---------- DATA SEGMENT

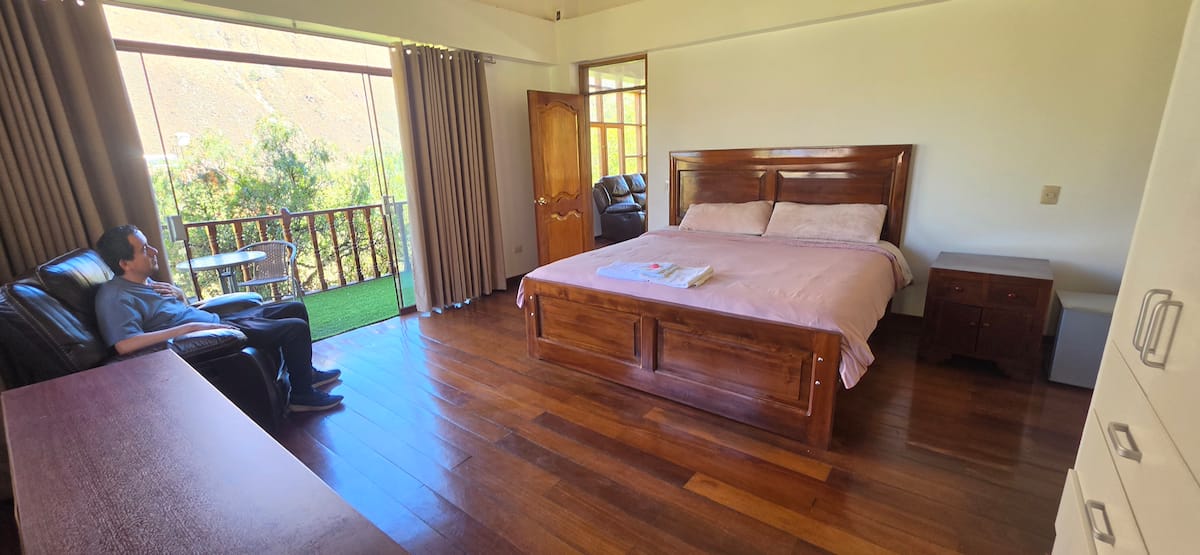 Habitación con cama king y balcón privado con vista al valle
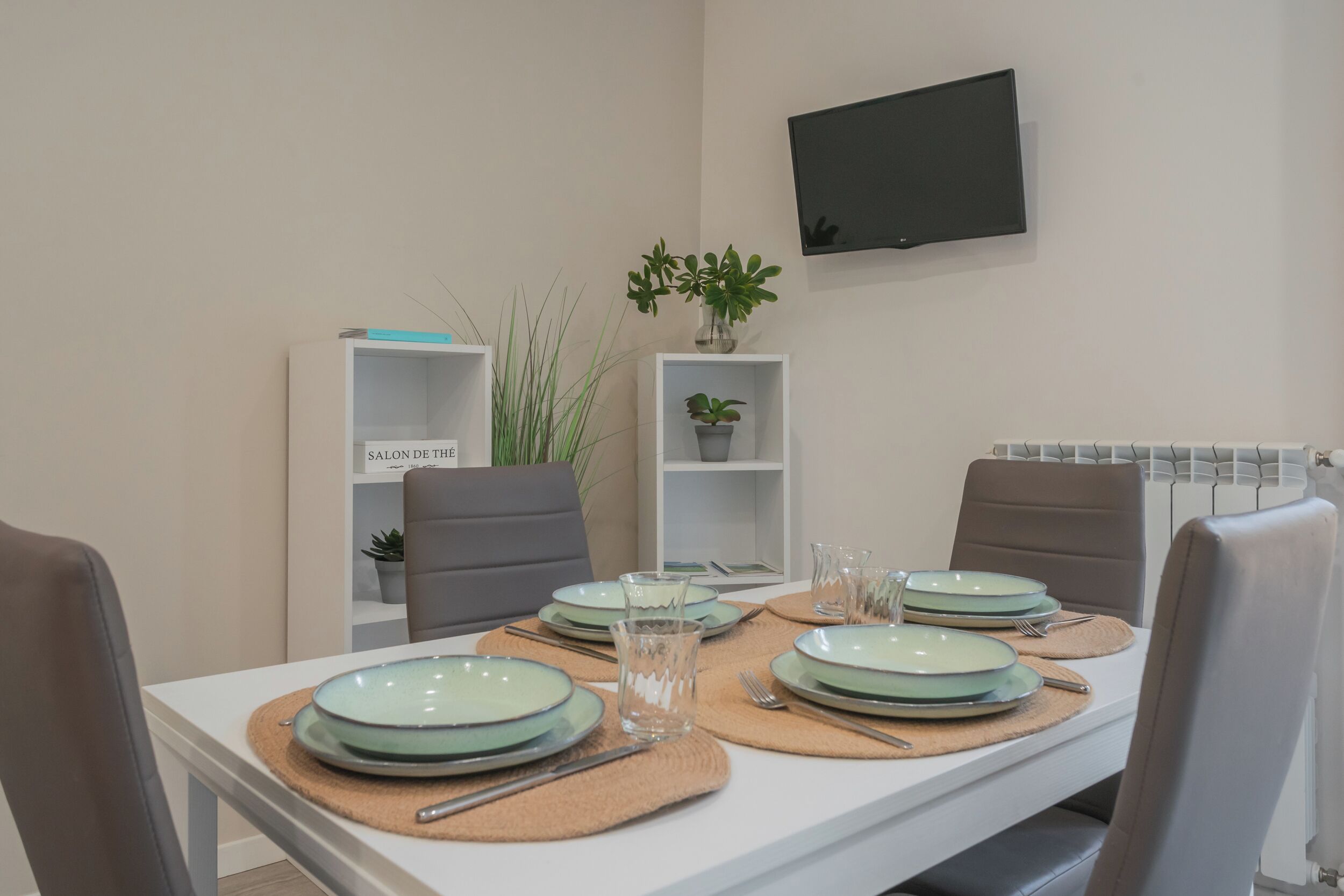 A dining table set with plates, cutlery, and glassware, flanked by chairs, with a TV mounted on the wall and shelves with plants in the background.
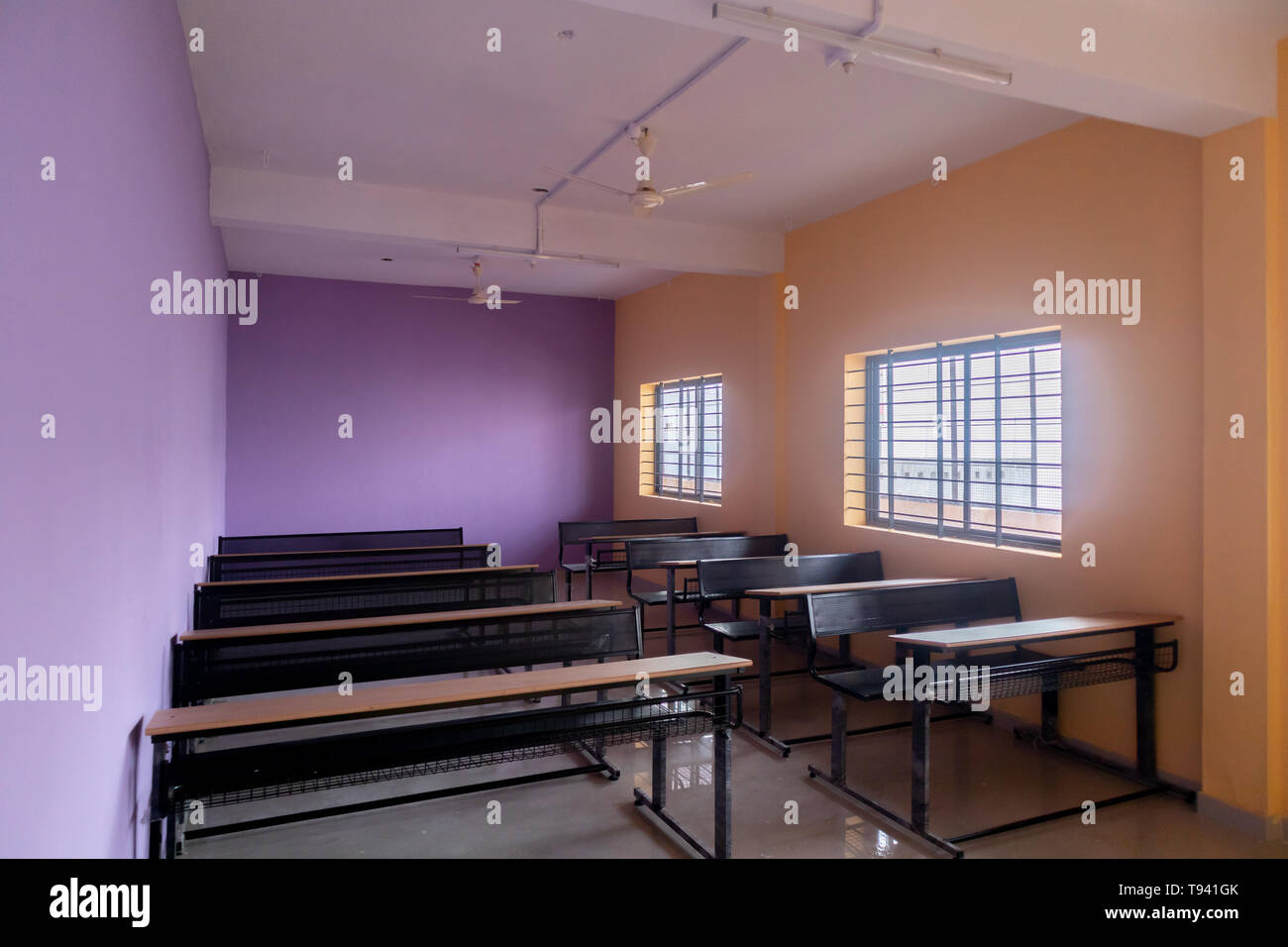 Classe vuota camera e scrivanie con pareti colorate Foto Stock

--------------------

=== DIRECTIONS FOR THIS TASK ===
Exactly those lines that run from the line holding "A dining table" to the end of the listing above, both included, are to be reproduced, with pictures left out.

=== ANSWER TO THIS PROBLEM ===
 A dining table set with plates, cutlery, and glassware, flanked by chairs, with a TV mounted on the wall and shelves with plants in the background.
 Classe vuota camera e scrivanie con pareti colorate Foto Stock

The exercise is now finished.